Si no, ¿qué es el Vieja friendo huevos sino una recapitulación sociológica de un mero bodegón? En dicho cuadro, pintado a sus escasos diecinueve años, el tema del bodegón —en cuanto tema estético y en cuanto al peso técnico en el cuadro— tiene prácticamente tanto peso como el retrato en sí, pero no es esta impresión la que asalta al espectador. Como cuando Velázquez nos obliga a mirar a los ojos de sus retratados, aquí hace que no podamos evitar ver primera y exclusivamente la condición humana del lienzo. Así lo percibió también Francisco Pacheco, maestro —y suegro de Velázquez— que describió la obra con mirada certera:
«¿Pues qué? ¿Los bodegones no se deben estimar? Claro está que sí, si son pintados como mi yerno los pinta, alzándose con esa parte sin dexar lugar a otro, y merecen estimación grandísima; pues con estos principios y los retratos, de que hablaremos luego, halló la verdadera imitación del natural alentando los ánimos de muchos con su poderoso exemplo. (….) Cuando las figuras tienen valentía, debuxo y colorido, y parecen vivas, y son iguales a las demás cosas del natural que se juntan en estas pinturas, que habemos dicho, traen sumo honor al artífice»
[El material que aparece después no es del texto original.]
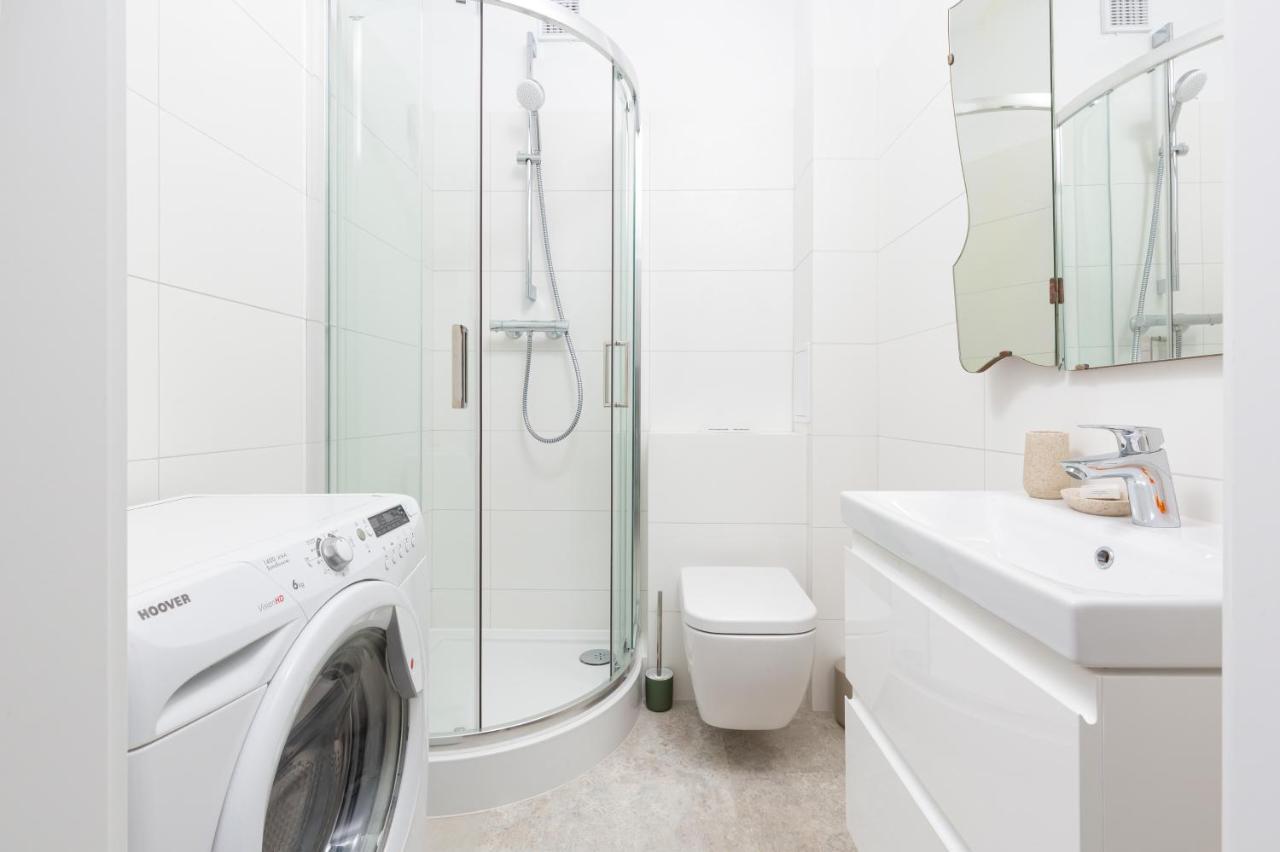 Apartment Warsaw Wiktorska By Noclegi Renters 외부 사진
Dicho de otro modo: es la finura y naturalidad del retrato lo que eleva Vieja friendo huevos desde su condición formal de bodegón —escasamente apreciada, como el propio Pacheco admite— hasta la condición de obra “de estimación grandísima”. Hoy diríamos que es su propósito documental, su interés sociológico, esa “valentía” de que habla Pacheco, lo que añade valores añadidos a los ya propios de sus méritos pictóricos. Tanto o más impactante es El aguador de Sevilla, de la misma época, en que de nuevo el bodegón es elevado por sobre su pobre condición hasta la categoría de digno retrato, y de retrato naturalista además. Velázquez solía usar modelos que podríamos calificar perfecta y atinadamente como vulgares: el cierto feísmo que algunos, especialmente por entonces, podrían objetar a sus modelos se desprende de esta preferencia por pintar al pueblo llano y no era sino producto de un interés psicológico sincero. El contraste entre el naturalismo sociológico de Velázquez y el afectado esteticismo pictórico imperante en su tiempo es representado por el propio pintor en El triunfo de Baco, donde alguna figura de clásica belleza comparte lienzo con los típicos rostros castigados e irregulares del populacho que tanto le gustaba retratar. No en vano el cuadro es conocido popularmente como Los borrachos —es más, hay gente que no conoce su verdadero título— y no resulta extraño, pues aquí, como en algunas películas, los feos pero carismáticos actores secundarios atraen más las miradas que los nobles pero anodinos rasgos del mitológico actor principal. Hacia la época en que pintó El triunfo de Baco, la habilidad velazquiana para aprehender el quid de las características faciales y de la actitud corporal había alcanzado ya la cumbre: la mirada sólo parece significar algo porque el pintor ha sabido capturar todo aquello que la rodea. Una mirada, sin el genio del pintor para la armonía del detalle, no significa nada, como unos ojos no significan nada sin un rostro.